What the exercise asks:
Pictures are to be left out, and every entry repeated exactly.

[Stored entries]
******

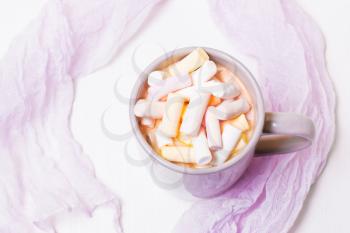 A mug of cocoa, coffee and marshmallows on a white background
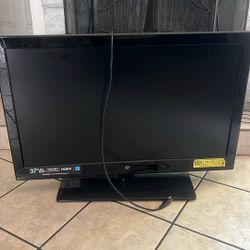 FLAT SCREEN TV with Roku streaming Device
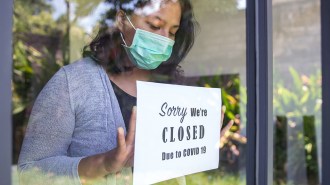 woman putting a closed sign in a window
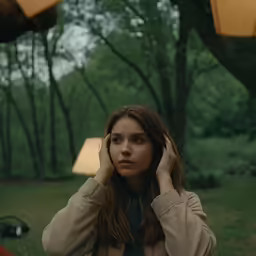 young woman listening to music while standing outdoors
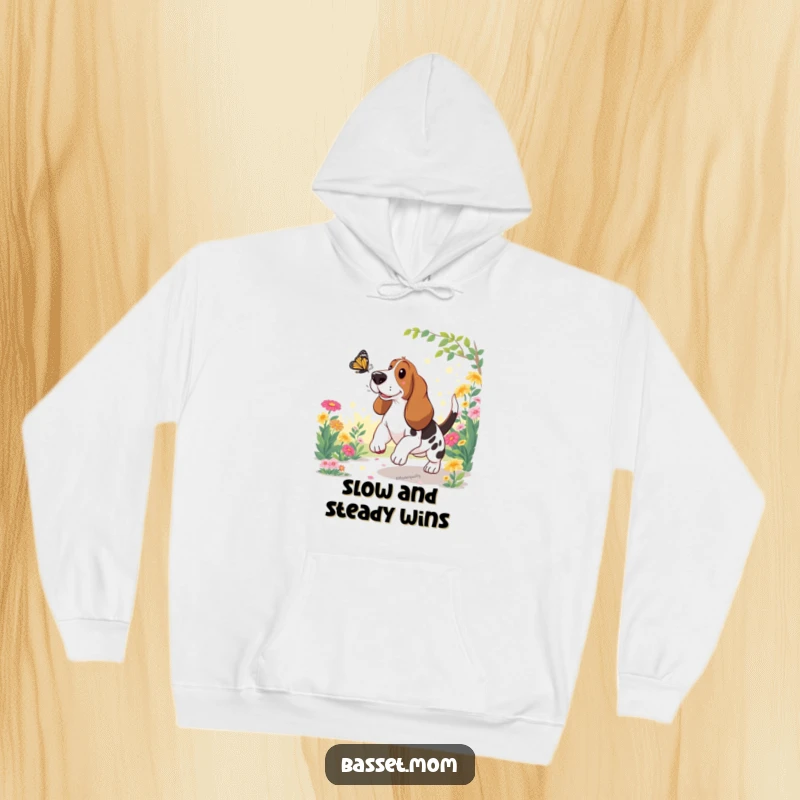 Funny Basset Hound Hoodie: A joyful dog happily pursues a butterfly in a bright, sun-drenched garden.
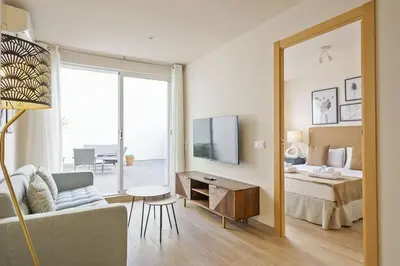 a bedroom with a bed and a living room with a mirror at Alcam Galileu in Barcelona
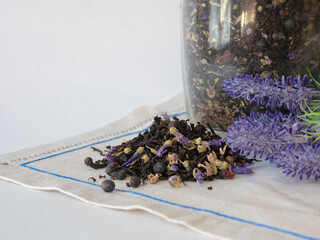 Herbal tea with blue dried flowers is scattered on the table in front of a glass jar of lavender...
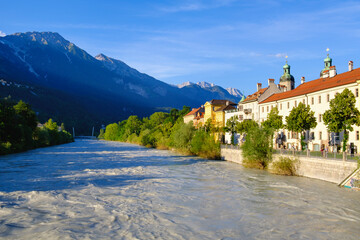 Inn with cathedral by river at Innsbruck, Austria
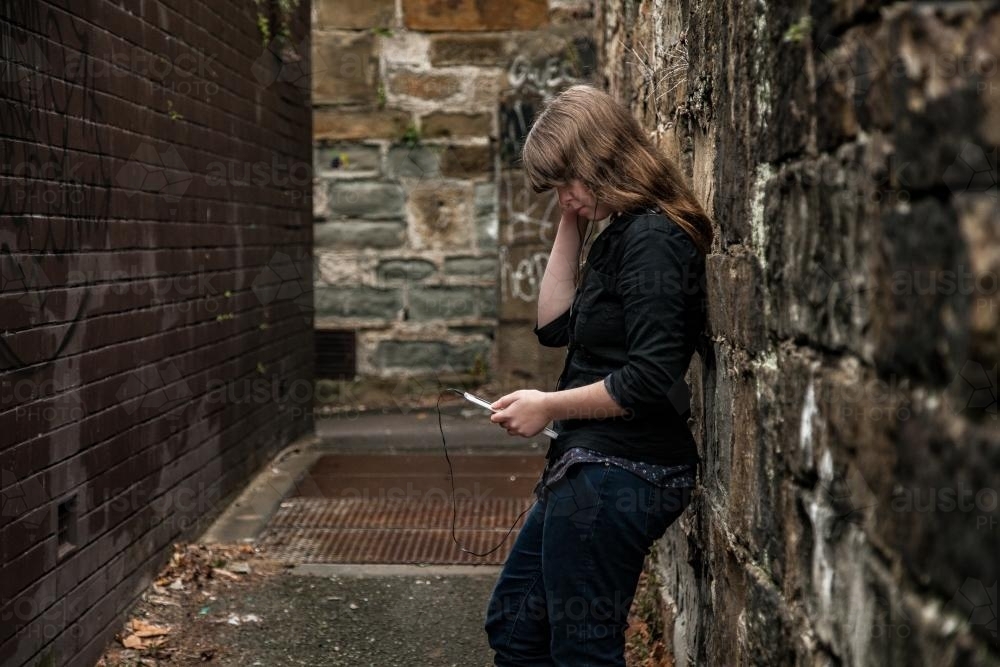 Teen girl leaning on alley wall listening to music - Australian Stock Image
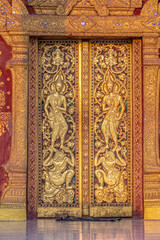 Buddhist decoration and Buddha statue in The Wat Xieng Thong Temple in Luang Prabang, Laos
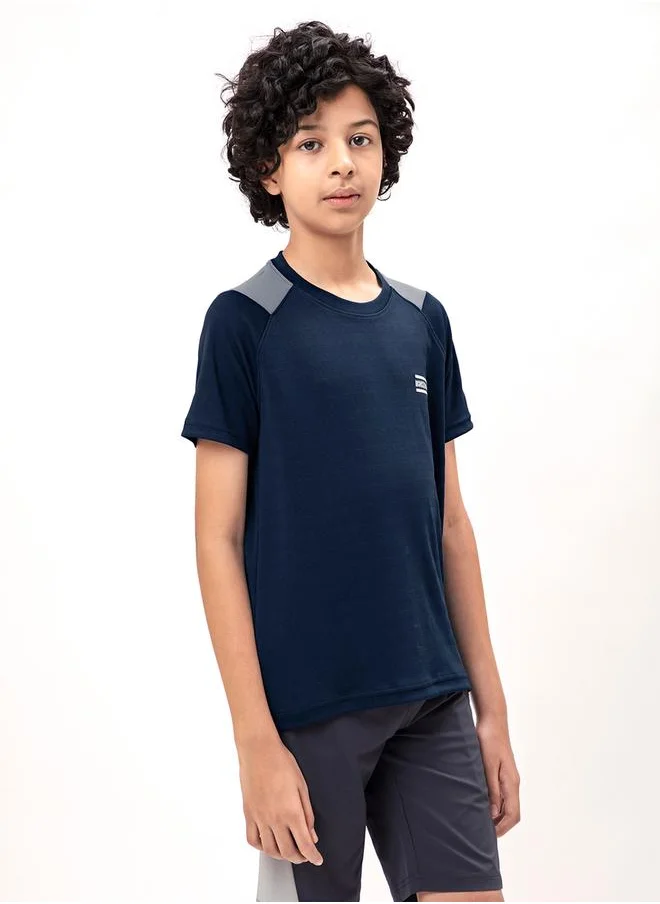 تكنوسبورت Contrast Panel Round Neck Slim Fit T-Shirt by Styli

******

Output for this task:
 A mug of cocoa, coffee and marshmallows on a white background
 FLAT SCREEN TV with Roku streaming Device
 woman putting a closed sign in a window
 young woman listening to music while standing outdoors
 Funny Basset Hound Hoodie: A joyful dog happily pursues a butterfly in a bright, sun-drenched garden.
 a bedroom with a bed and a living room with a mirror at Alcam Galileu in Barcelona
 Herbal tea with blue dried flowers is scattered on the table in front of a glass jar of lavender...
 Inn with cathedral by river at Innsbruck, Austria
 Teen girl leaning on alley wall listening to music - Australian Stock Image
 Buddhist decoration and Buddha statue in The Wat Xieng Thong Temple in Luang Prabang, Laos
 تكنوسبورت Contrast Panel Round Neck Slim Fit T-Shirt by Styli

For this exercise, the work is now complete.